What is needed:
Here is the listing. Print it exactly.

Source data:

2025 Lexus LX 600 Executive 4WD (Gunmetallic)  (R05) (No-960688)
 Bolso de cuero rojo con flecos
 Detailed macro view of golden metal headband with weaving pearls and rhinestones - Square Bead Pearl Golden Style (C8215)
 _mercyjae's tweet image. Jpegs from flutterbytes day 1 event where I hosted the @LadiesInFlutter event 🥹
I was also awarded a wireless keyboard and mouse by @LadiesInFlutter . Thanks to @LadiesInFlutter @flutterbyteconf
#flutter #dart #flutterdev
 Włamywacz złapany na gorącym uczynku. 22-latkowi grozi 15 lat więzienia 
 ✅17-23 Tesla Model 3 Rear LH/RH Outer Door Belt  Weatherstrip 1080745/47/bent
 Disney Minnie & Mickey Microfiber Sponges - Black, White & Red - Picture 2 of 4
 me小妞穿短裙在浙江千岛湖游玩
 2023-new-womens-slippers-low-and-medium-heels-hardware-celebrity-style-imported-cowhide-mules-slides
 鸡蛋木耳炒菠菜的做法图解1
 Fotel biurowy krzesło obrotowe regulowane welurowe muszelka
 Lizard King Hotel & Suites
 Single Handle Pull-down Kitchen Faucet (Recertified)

Result of the exercise:
2025 Lexus LX 600 Executive 4WD (Gunmetallic)  (R05) (No-960688)
 Bolso de cuero rojo con flecos
 Detailed macro view of golden metal headband with weaving pearls and rhinestones - Square Bead Pearl Golden Style (C8215)
 _mercyjae's tweet image. Jpegs from flutterbytes day 1 event where I hosted the @LadiesInFlutter event 🥹
I was also awarded a wireless keyboard and mouse by @LadiesInFlutter . Thanks to @LadiesInFlutter @flutterbyteconf
#flutter #dart #flutterdev
 Włamywacz złapany na gorącym uczynku. 22-latkowi grozi 15 lat więzienia 
 ✅17-23 Tesla Model 3 Rear LH/RH Outer Door Belt  Weatherstrip 1080745/47/bent
 Disney Minnie & Mickey Microfiber Sponges - Black, White & Red - Picture 2 of 4
 me小妞穿短裙在浙江千岛湖游玩
 2023-new-womens-slippers-low-and-medium-heels-hardware-celebrity-style-imported-cowhide-mules-slides
 鸡蛋木耳炒菠菜的做法图解1
 Fotel biurowy krzesło obrotowe regulowane welurowe muszelka
 Lizard King Hotel & Suites
 Single Handle Pull-down Kitchen Faucet (Recertified)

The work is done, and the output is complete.